Chaque mardi: Économiques (23 décembre 2008)
Que penser des violentes critiques exprimées en France et en Allemagne sur le plan de relance britannique ? D'abord qu'en dépit des autocongratulations hexagonales sur les six mois de présidence française, l'Europe ne s'est en réalité jamais aussi mal portée. Il ne s'agit pas de prétendre ici que la baisse du taux général de TVA de 17,5 % à 15 % décidée par Gordon Brown soit la solution miracle pour éviter la récession. Chaque pays a ses spécificités, et il est bien évident que le Royaume-Uni, dont le secteur financier a été frappé de plein fouet par la crise mondiale, s'apprête en tout état de cause à vivre des heures particulièrement difficiles. Mais il est affligeant que le plan Brown ait été immédiatement repoussé par les gouvernements français et allemand, sans aucun débat. D'autant plus que les arguments utilisés contre la baisse de la TVA sont aussi contradictoires qu'infondés économiquement.

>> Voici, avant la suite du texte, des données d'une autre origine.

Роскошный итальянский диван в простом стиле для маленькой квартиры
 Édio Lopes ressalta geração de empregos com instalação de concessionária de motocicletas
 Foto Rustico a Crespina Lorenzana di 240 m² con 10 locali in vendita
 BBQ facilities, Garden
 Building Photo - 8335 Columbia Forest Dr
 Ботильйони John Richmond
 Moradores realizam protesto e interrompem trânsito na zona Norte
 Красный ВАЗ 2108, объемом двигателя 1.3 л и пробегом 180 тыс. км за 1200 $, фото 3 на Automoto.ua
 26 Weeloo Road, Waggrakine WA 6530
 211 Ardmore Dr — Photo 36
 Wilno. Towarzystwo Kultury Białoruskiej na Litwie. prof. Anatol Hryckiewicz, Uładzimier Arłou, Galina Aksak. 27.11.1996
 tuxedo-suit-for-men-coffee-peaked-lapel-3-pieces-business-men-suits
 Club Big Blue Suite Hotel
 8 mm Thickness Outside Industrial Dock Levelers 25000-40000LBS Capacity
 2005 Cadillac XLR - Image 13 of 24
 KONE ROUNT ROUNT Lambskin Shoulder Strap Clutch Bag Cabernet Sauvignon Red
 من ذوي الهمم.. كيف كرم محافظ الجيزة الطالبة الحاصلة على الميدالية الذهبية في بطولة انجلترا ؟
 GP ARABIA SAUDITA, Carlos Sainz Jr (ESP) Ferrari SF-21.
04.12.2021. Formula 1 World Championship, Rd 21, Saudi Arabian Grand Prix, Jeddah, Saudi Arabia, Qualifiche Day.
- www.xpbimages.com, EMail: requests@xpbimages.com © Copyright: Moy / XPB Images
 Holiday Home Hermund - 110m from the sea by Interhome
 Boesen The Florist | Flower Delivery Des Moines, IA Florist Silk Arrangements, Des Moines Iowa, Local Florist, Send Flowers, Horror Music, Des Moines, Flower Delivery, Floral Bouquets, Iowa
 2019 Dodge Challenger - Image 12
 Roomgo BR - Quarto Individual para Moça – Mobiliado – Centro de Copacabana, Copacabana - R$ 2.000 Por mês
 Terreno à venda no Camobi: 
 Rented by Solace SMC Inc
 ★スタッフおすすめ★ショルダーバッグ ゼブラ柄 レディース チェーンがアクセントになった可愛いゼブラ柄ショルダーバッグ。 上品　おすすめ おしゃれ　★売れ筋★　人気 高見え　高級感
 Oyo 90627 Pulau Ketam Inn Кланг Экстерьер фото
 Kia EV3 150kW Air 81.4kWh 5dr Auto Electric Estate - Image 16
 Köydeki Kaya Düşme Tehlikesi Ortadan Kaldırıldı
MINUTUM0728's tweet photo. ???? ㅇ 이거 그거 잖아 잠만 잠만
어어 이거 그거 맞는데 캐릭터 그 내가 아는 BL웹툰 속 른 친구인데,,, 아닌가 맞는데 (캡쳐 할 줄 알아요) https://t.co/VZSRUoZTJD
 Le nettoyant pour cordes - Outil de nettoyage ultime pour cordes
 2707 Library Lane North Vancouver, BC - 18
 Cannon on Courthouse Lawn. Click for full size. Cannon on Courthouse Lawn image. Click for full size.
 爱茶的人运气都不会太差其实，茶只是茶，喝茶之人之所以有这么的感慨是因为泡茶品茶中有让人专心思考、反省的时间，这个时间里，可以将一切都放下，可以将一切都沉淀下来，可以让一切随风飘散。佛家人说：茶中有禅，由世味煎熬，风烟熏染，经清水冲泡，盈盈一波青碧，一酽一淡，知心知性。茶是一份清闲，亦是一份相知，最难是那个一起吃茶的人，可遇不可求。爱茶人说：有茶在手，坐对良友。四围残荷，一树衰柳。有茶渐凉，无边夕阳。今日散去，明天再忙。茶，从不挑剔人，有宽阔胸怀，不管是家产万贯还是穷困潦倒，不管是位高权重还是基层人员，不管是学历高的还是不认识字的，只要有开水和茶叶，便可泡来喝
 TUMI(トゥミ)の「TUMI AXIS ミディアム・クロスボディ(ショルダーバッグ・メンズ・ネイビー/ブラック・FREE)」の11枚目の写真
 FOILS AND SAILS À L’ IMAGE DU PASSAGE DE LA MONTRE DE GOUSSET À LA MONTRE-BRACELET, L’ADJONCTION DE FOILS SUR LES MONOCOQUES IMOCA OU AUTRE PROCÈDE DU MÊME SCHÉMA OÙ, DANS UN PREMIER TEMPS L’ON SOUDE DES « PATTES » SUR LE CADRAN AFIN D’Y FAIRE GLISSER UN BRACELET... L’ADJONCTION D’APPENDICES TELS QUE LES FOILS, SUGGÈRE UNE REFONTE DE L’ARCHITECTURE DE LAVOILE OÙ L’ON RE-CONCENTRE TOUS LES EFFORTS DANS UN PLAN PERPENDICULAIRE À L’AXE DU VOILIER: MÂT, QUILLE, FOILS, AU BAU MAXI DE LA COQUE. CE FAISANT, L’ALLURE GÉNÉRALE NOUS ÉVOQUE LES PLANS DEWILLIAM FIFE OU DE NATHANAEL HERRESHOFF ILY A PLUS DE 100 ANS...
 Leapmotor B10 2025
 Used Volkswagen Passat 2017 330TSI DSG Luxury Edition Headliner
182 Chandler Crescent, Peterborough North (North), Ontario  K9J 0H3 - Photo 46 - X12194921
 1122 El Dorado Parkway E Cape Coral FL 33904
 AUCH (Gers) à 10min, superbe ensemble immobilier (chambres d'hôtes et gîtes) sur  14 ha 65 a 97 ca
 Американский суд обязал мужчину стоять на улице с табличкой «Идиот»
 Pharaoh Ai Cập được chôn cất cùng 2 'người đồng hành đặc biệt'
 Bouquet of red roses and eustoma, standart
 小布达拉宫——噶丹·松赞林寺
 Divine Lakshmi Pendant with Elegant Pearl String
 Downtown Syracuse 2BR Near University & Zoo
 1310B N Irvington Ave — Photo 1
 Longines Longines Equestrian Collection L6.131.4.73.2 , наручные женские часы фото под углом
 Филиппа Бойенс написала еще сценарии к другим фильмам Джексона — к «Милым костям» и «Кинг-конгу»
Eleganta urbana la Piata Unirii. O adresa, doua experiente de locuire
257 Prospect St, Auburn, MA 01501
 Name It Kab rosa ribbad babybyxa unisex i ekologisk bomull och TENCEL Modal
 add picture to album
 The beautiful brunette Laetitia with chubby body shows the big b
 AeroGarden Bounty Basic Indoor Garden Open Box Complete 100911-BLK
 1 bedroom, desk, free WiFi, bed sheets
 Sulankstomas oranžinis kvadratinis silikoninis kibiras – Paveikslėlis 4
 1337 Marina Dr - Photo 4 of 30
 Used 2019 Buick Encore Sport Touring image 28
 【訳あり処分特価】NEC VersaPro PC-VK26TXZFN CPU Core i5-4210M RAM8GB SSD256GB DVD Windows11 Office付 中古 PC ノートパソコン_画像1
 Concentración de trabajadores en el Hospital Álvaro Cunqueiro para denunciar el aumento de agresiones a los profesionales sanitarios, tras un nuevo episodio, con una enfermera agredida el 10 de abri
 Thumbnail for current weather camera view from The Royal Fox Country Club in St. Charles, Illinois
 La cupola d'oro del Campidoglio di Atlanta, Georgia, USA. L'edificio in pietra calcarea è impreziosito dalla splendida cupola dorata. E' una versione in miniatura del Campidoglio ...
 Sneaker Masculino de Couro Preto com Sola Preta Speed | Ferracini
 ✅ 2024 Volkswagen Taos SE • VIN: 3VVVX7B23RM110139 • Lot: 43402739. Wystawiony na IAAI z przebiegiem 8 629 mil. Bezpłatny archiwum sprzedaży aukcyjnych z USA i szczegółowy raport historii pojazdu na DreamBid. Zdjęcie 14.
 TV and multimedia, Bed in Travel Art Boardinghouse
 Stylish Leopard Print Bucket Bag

On reproche tout d'abord aux baisses de TVA de ne pas se répercuter intégralement en baisses de prix. Mais il n'existe aucune raison pour qu'une telle répercussion intégrale se produise. Economiquement, il est parfaitement normal que les baisses de TVA se partagent entre entreprises et consommateurs suivant l'élasticité de l'offre et de la demande de biens dans les différents secteurs. Dans les secteurs en surcapacité de production, la concurrence conduit à de fortes baisses de prix et à une relance de la demande. En revanche dans les secteurs où de nouveaux investissements sont nécessaires pour augmenter la production, les baisses de TVA permettent aux entreprises de reconstituer leurs marges, ce qui est une excellente chose. Ainsi, une baisse de la TVA produit à la fois une relance de la demande et de l'investissement, conformément à la théorie de l'incidence fiscale. Avant de stigmatiser le "keynésianisme grossier" des Britanniques, le ministre social-démocrate allemand des Finances aurait été mieux inspiré de relire ses manuels d'économie.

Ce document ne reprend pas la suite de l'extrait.